**Material for this task**
+--
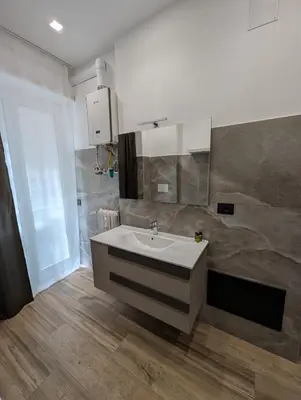 a bathroom with a white sink in a room at Maison Simone Marconi in Rome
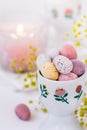 Chocolate candy colored Easter eggs in ceramic cup burning candle, small flowers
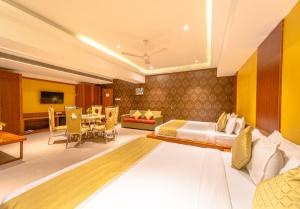a hotel room with a bed and a dining room at Shamrock Greens by Jardin Hotels in Dharmpura
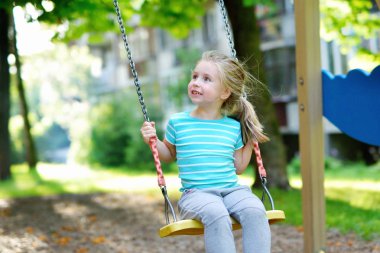 Sevimli kız yaz günü salıncakta eğleniyor.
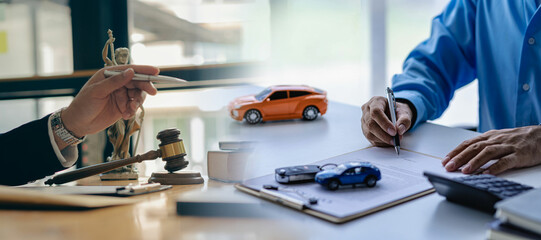 justice statue Hammer and car on wooden background Judge hammer with toy car and papers Car auction close up, car keys on table in office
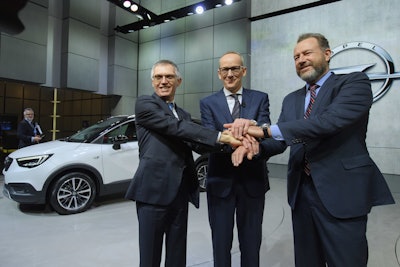Carlos Tavares, left, CEO of PSA Peugeot Citroen, Karl-Thomas Neumann, center, CEO of Opel Group and President of General Motors Dan Ammann, right, shake hands during the press day at the 87th Geneva International Motor Show in Geneva, Switzerland, Tuesday, March 7, 2017. The Motor Show will open its gates to the public from March 9 to 19. (Martial Trezzini/Keystone via AP)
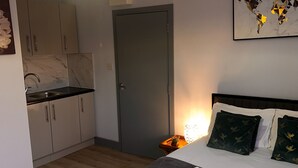 A hotel room with a bed, a small bedside table with a lamp, a world map on the wall, and a kitchenette with cabinets and a sink. - Stunning Ensuite Studio at Wolf’s House (London)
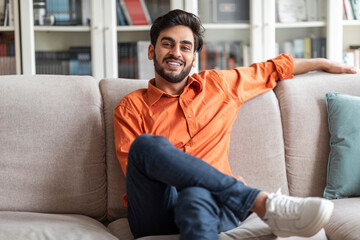 Cool middle eastern guy chilling at home, smiling at camera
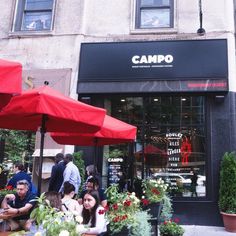 people sitting at tables in front of a store with red umbrellas and flowers outside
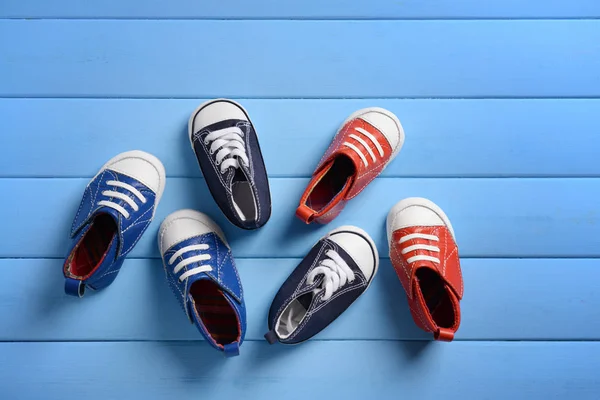 Baby Shoes Blue Wooden Background — Stock Photo, Image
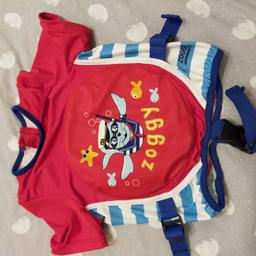 red white and blue life jacket. adjustable.  self inflatable inner chest.  excellent condition.  used twice.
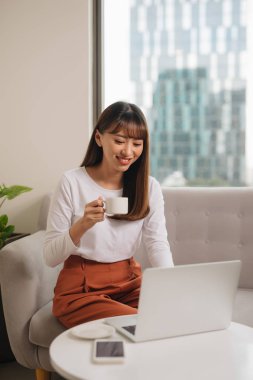 Kız sabah kahveiçme ve kanepede oturarak dizüstü bilgisayar kullanarak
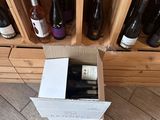 many bottles of wine sitting in a box on the floor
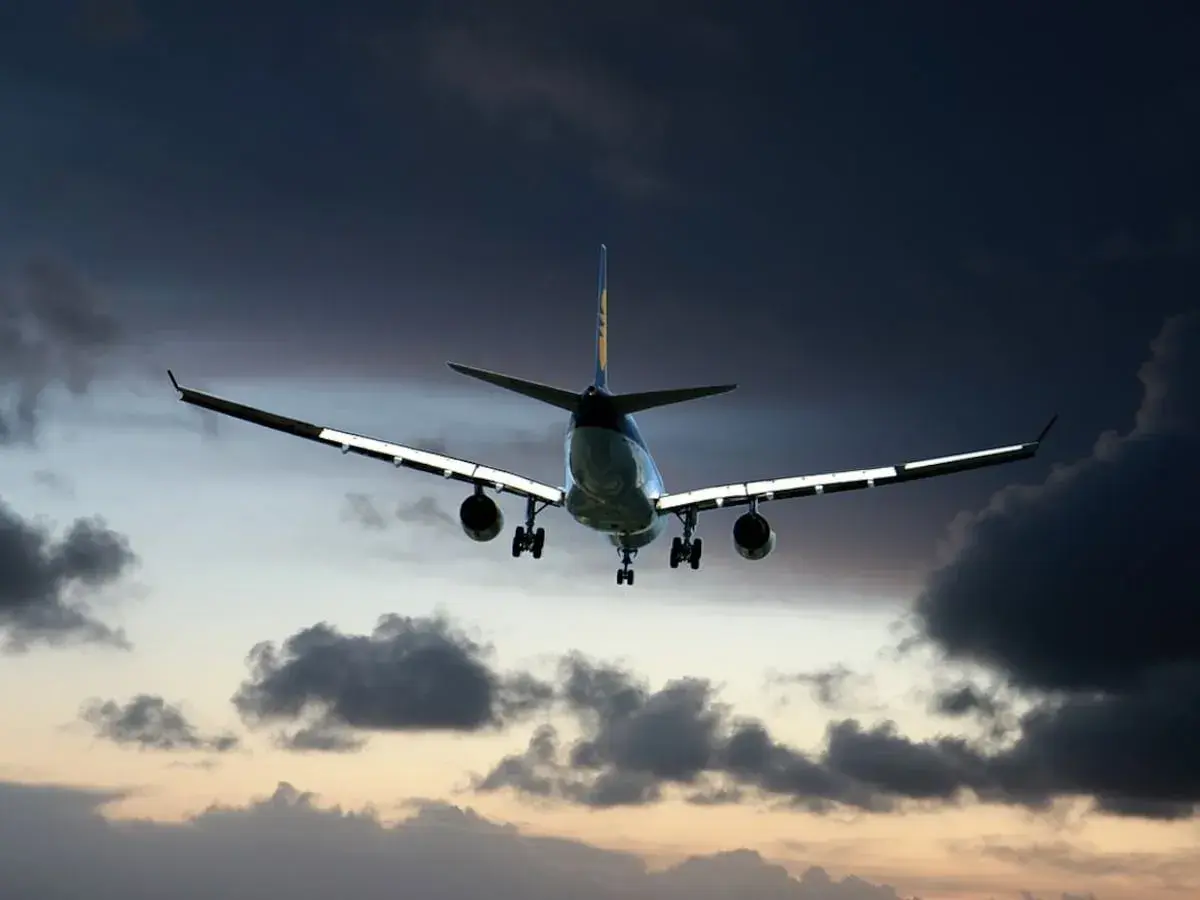Avión descendiendo entre nubes oscuras, como si fuera un mal sueño.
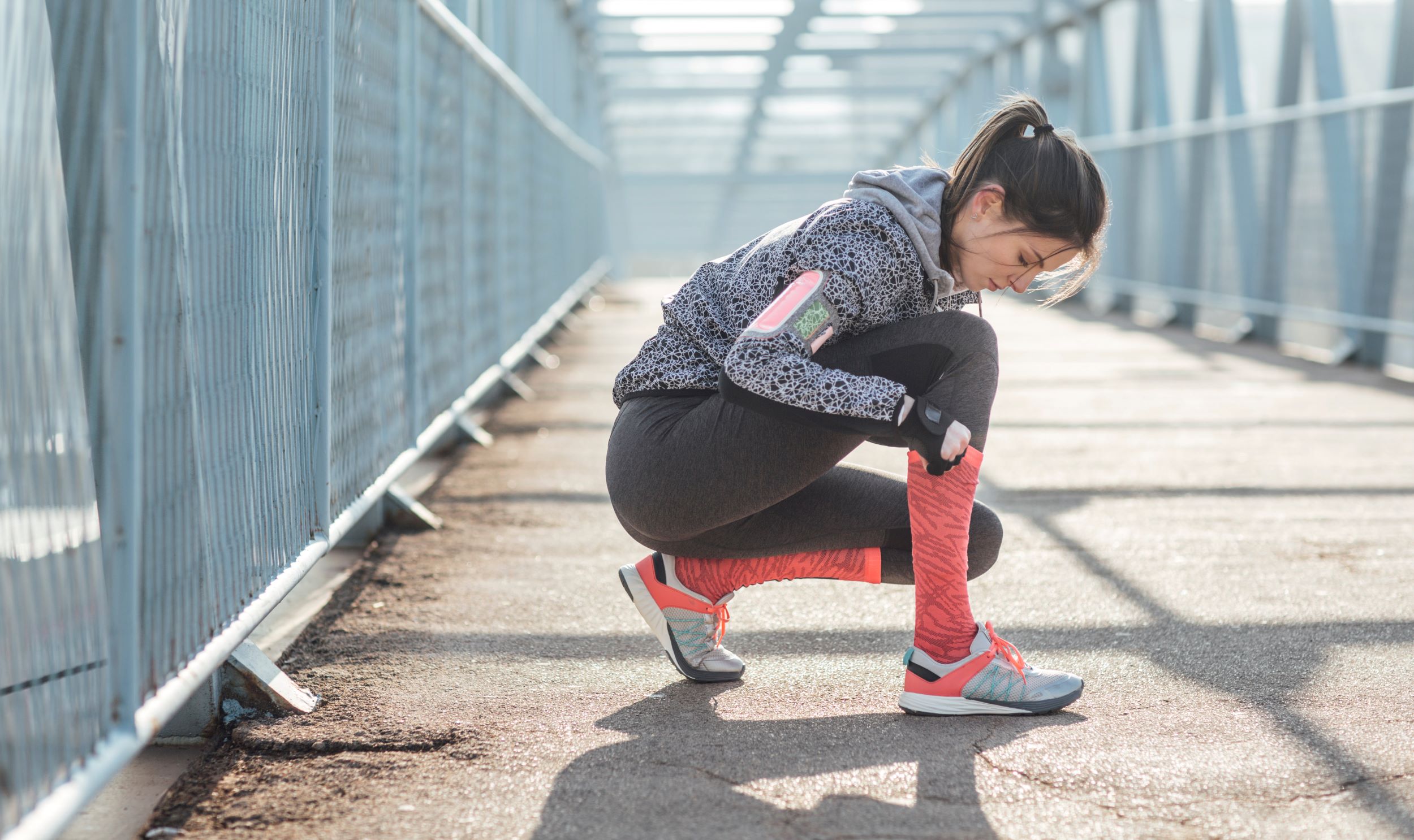 A woman in athletic wear ties her shoe while kneeling on a pedestrian bridge. She wears a gray hoodie, black leggings, and red sneakers. Sunlight casts shadows across the path.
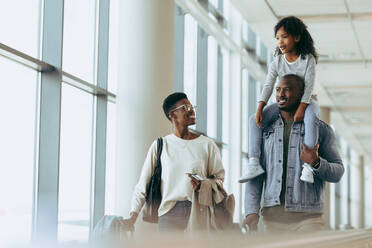 Girl on shoulder of father while walking with mother at airport. Happy family going on holiday. - JLPSF05999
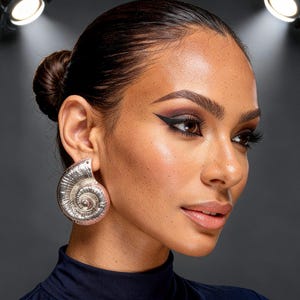 Könnte beinhalten: Eine Frau trägt große, silberne Ohrringe in Muschelform. Die Ohrringe sind mit Spiralmustern versehen. Sie trägt ein dunkelblaues Oberteil und hat dunkles Augen-Make-up. Der Hintergrund ist dunkelgrau.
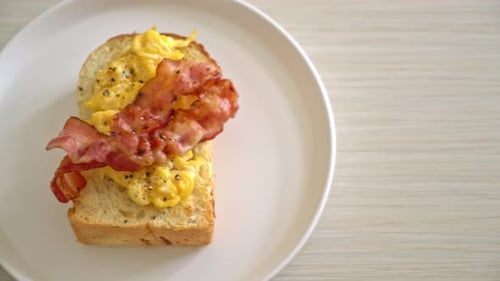 Toast Topped With Eggs And Bacon On Plate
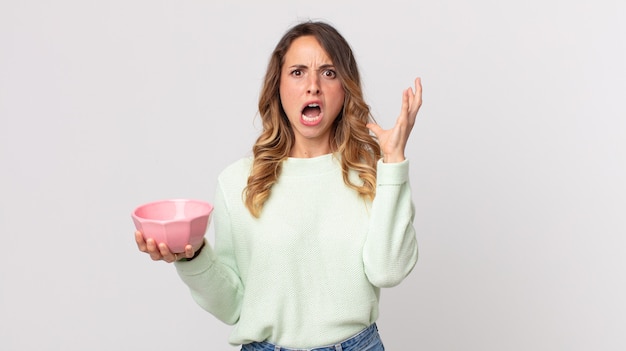 Mujer muy delgada gritando con las manos en el aire y sosteniendo una olla vacía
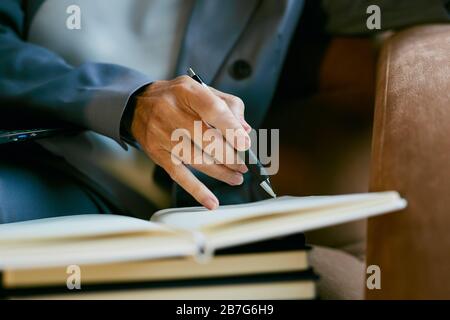 Close up of mature successful businesswoman holding pen while taking notes in planner, copy space Stock Photo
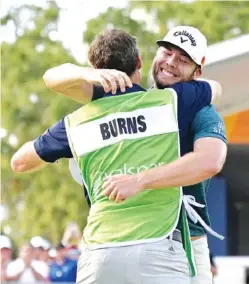  ?? AP PHOTO BY PHELAN M. EBENHACK ?? Sam Burns, right, is congratula­ted by his caddie after closing out his first PGA Tour victory at the Valspar Championsh­ip on Sunday in Palm Harbor, Fla.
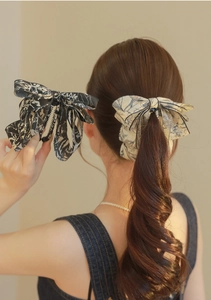 Detail of elegant ink-print fabric bow hair clips with a secure toothed banana clip design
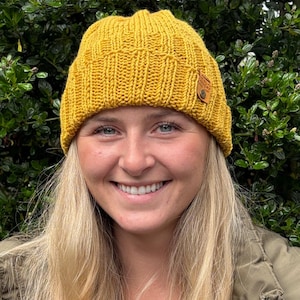 May include: A mustard yellow knit beanie featuring a vertical ribbed texture and a folded brim. A small, rectangular brown leather tag is attached to the side of the beanie, secured with a single metal rivet, adding a subtle detail to the design.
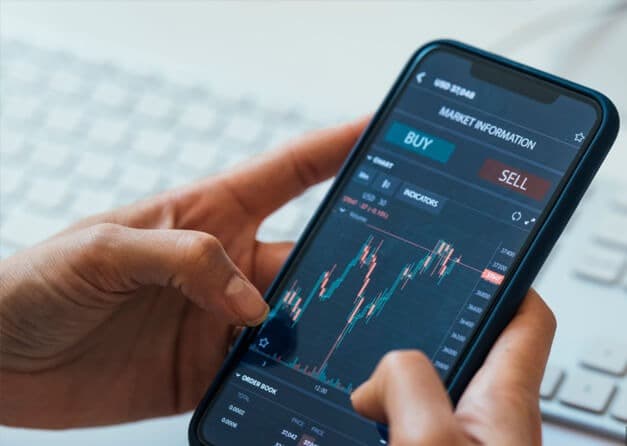 A person checking stock market data and placing a trade on a smartphone.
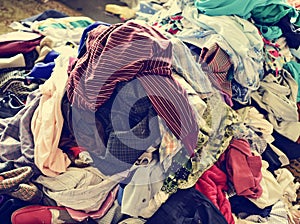 Pile of used clothes on sale in a flea market, filtered photo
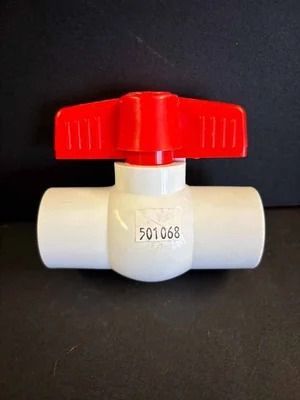 White plastic ball valve with a red handle on a dark background.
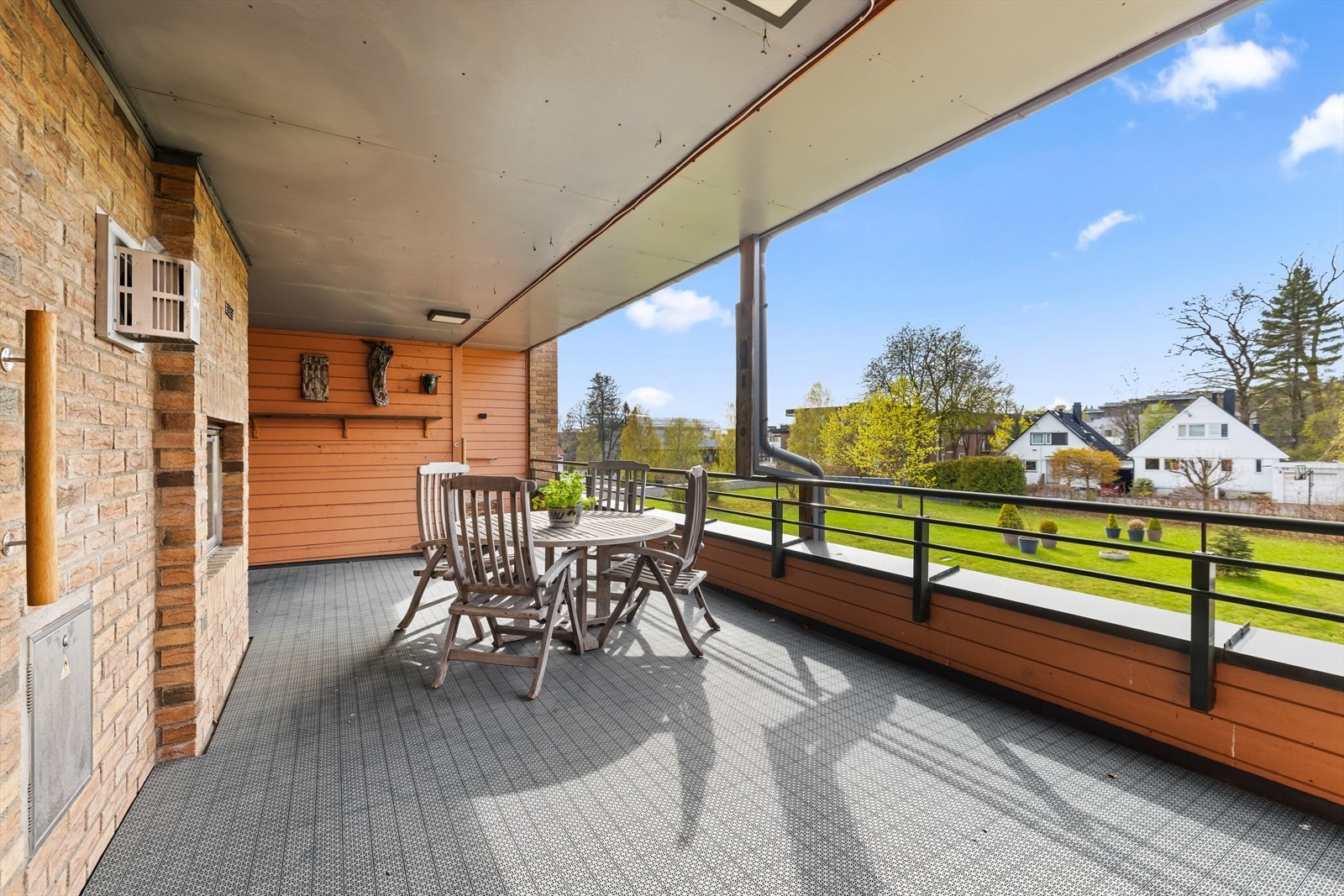 Terrassen har et åpent utsyn mot frodige grøntarealer og den omkringliggende villabebyggelsen. Galleribilde
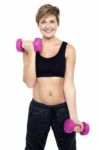 Cheerful Middle-aged Woman Woman Working Out Stock Photo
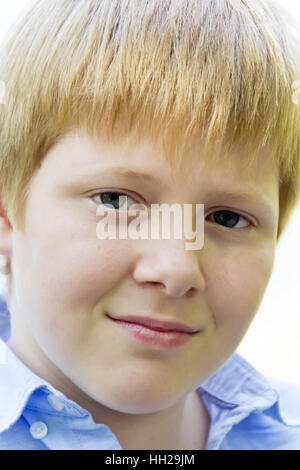 Portrait of cute blonde boy in blue shirt Banque D'Images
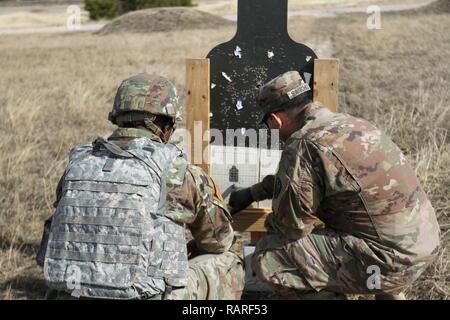 Pfc. Davion Williams, sinistra, 504th Intelligenza militare brigata risorse umane, riceve indicazioni da Staff Sgt. Manuel Sanchez dopo azzeramento, Dic 12, 2018 Fort Hood, Texas. I soldati che hanno zero le loro armi necessario sparare cinque dei sei round entro un certo diametro. Foto Stock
+--
**Task brief**
Write out the material above again, word for word, minus its pictures.

**Task output**
 a bathroom with a white sink in a room at Maison Simone Marconi in Rome
 Chocolate candy colored Easter eggs in ceramic cup burning candle, small flowers
a hotel room with a bed and a dining room at Shamrock Greens by Jardin Hotels in Dharmpura
 Sevimli kız yaz günü salıncakta eğleniyor.
 justice statue Hammer and car on wooden background Judge hammer with toy car and papers Car auction close up, car keys on table in office
Carlos Tavares, left, CEO of PSA Peugeot Citroen, Karl-Thomas Neumann, center, CEO of Opel Group and President of General Motors Dan Ammann, right, shake hands during the press day at the 87th Geneva International Motor Show in Geneva, Switzerland, Tuesday, March 7, 2017. The Motor Show will open its gates to the public from March 9 to 19. (Martial Trezzini/Keystone via AP)
 A hotel room with a bed, a small bedside table with a lamp, a world map on the wall, and a kitchenette with cabinets and a sink. - Stunning Ensuite Studio at Wolf’s House (London)
 Cool middle eastern guy chilling at home, smiling at camera
 people sitting at tables in front of a store with red umbrellas and flowers outside
 Baby Shoes Blue Wooden Background — Stock Photo, Image
 red white and blue life jacket. adjustable.  self inflatable inner chest.  excellent condition.  used twice.
 Kız sabah kahveiçme ve kanepede oturarak dizüstü bilgisayar kullanarak
 many bottles of wine sitting in a box on the floor
Avión descendiendo entre nubes oscuras, como si fuera un mal sueño.
 A woman in athletic wear ties her shoe while kneeling on a pedestrian bridge. She wears a gray hoodie, black leggings, and red sneakers. Sunlight casts shadows across the path.
 Girl on shoulder of father while walking with mother at airport. Happy family going on holiday. - JLPSF05999
 Könnte beinhalten: Eine Frau trägt große, silberne Ohrringe in Muschelform. Die Ohrringe sind mit Spiralmustern versehen. Sie trägt ein dunkelblaues Oberteil und hat dunkles Augen-Make-up. Der Hintergrund ist dunkelgrau.
 Toast Topped With Eggs And Bacon On Plate
 Mujer muy delgada gritando con las manos en el aire y sosteniendo una olla vacía
 Close up of mature successful businesswoman holding pen while taking notes in planner, copy space Stock Photo
  ?? AP PHOTO BY PHELAN M. EBENHACK ?? Sam Burns, right, is congratula­ted by his caddie after closing out his first PGA Tour victory at the Valspar Championsh­ip on Sunday in Palm Harbor, Fla.
 Detail of elegant ink-print fabric bow hair clips with a secure toothed banana clip design
 May include: A mustard yellow knit beanie featuring a vertical ribbed texture and a folded brim. A small, rectangular brown leather tag is attached to the side of the beanie, secured with a single metal rivet, adding a subtle detail to the design.
 A person checking stock market data and placing a trade on a smartphone.
 Pile of used clothes on sale in a flea market, filtered photo
 White plastic ball valve with a red handle on a dark background.
 Terrassen har et åpent utsyn mot frodige grøntarealer og den omkringliggende villabebyggelsen. Galleribilde
 Cheerful Middle-aged Woman Woman Working Out Stock Photo
 Portrait of cute blonde boy in blue shirt Banque D'Images
 Pfc. Davion Williams, sinistra, 504th Intelligenza militare brigata risorse umane, riceve indicazioni da Staff Sgt. Manuel Sanchez dopo azzeramento, Dic 12, 2018 Fort Hood, Texas. I soldati che hanno zero le loro armi necessario sparare cinque dei sei round entro un certo diametro. Foto Stock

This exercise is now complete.